Director(s): Greta Gerwig
Writer(s): Greta Gerwig & Noah Baumbach / Mattel (toy)
Humans have only one ending. Ideas live for ever.
It really is wild that a major Hollywood studio and multi-billion-dollar toy company allowed something like Barbie to be made. The self-awareness and self-parodying on display is of the sort that would normally be quashed via legal jargon in whatever contract director Greta Gerwig had to sign before starting to write the script with Noah Baumbach. If that doesn’t show you the power of sitting at the table, whether it comes to box office take or Oscar nominations, I don’t know what will. Gerwig took her clout and turned it into that rare product-placement tie-in that actually has something valuable to say.

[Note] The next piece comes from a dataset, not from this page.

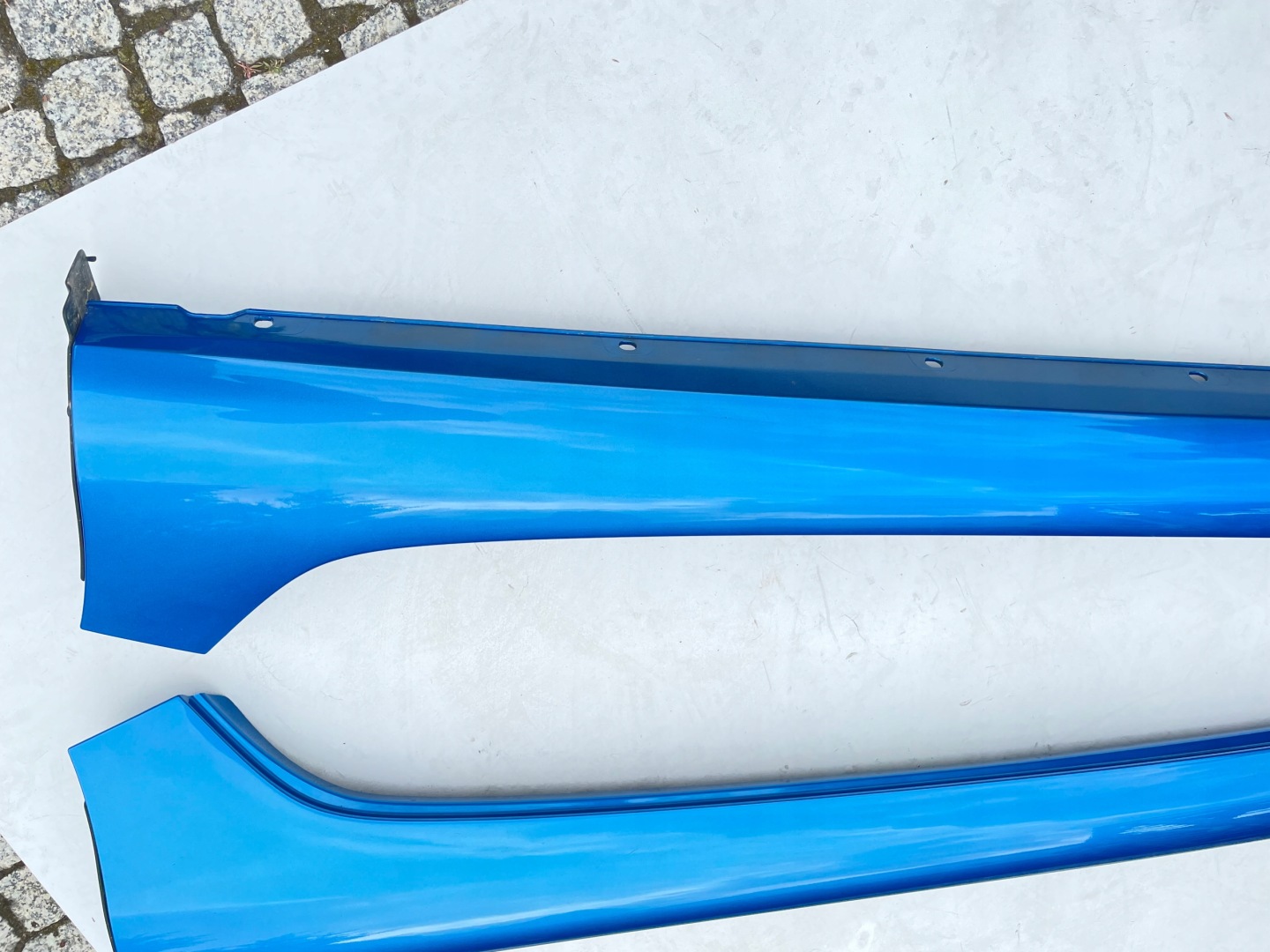 RENAULT ZOE II RIGHT MOULDING THRESHOLD TERQG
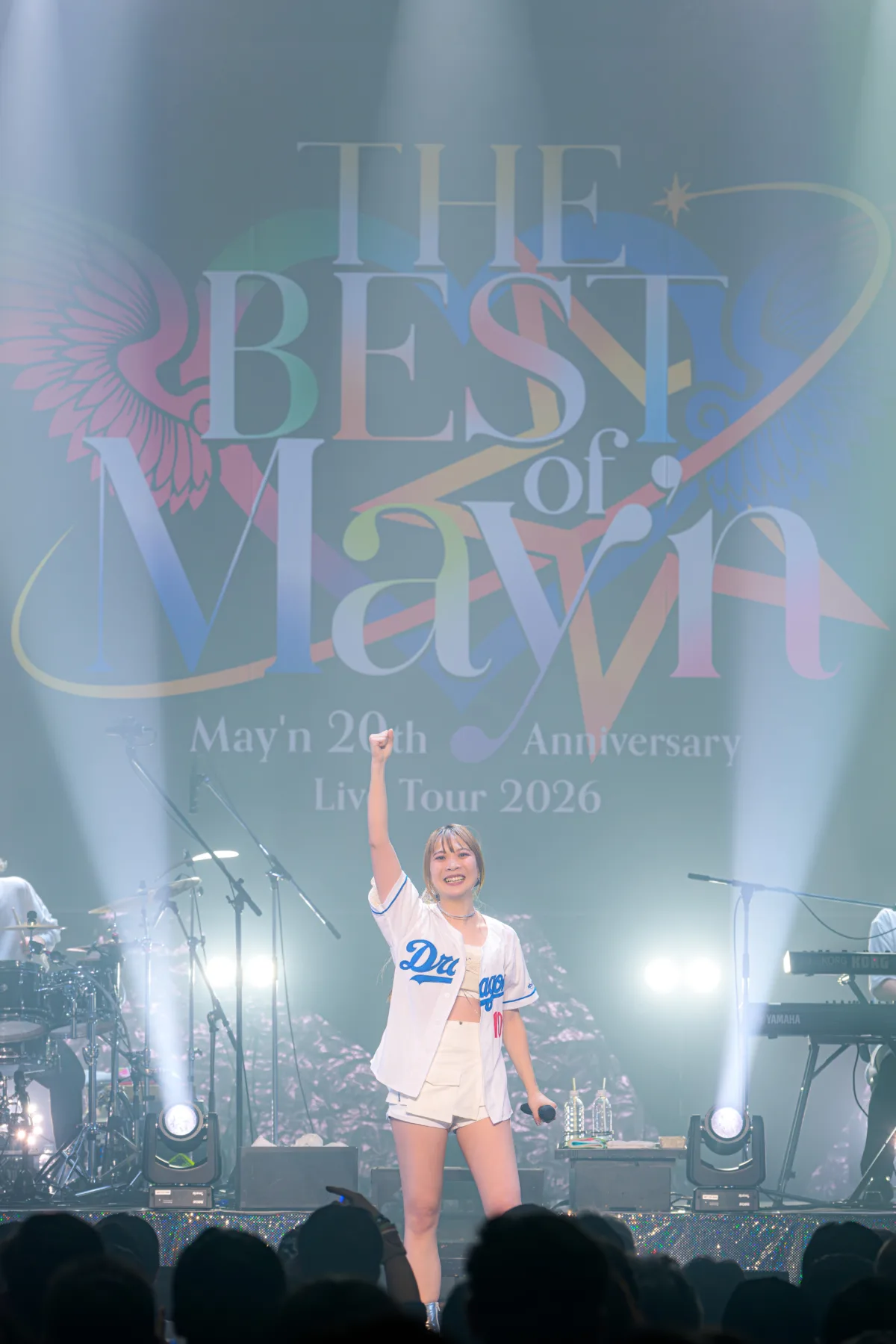 May'n、アーティストデビュー20周年記念ライブツアー『THE BEST of May'n」』！！あふれる想いの現れ！　30曲越えの大ボリュームライブ!!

Don’t call the result a message movie, though. It never stands on a soapbox or demeans one side in order to champion another (I’d honestly argue it could have done a lot more to skewer Mattel executives with purpose rather than merely jokes). It simply allows its characters to naturally evolve by way of providing necessary conflict. Because none of these dolls have ever faced that sort of existential crisis before. They’ve all maintained their pristine utopian forms in Barbieland as they were passed from child to child so their innocence could become a personality trait.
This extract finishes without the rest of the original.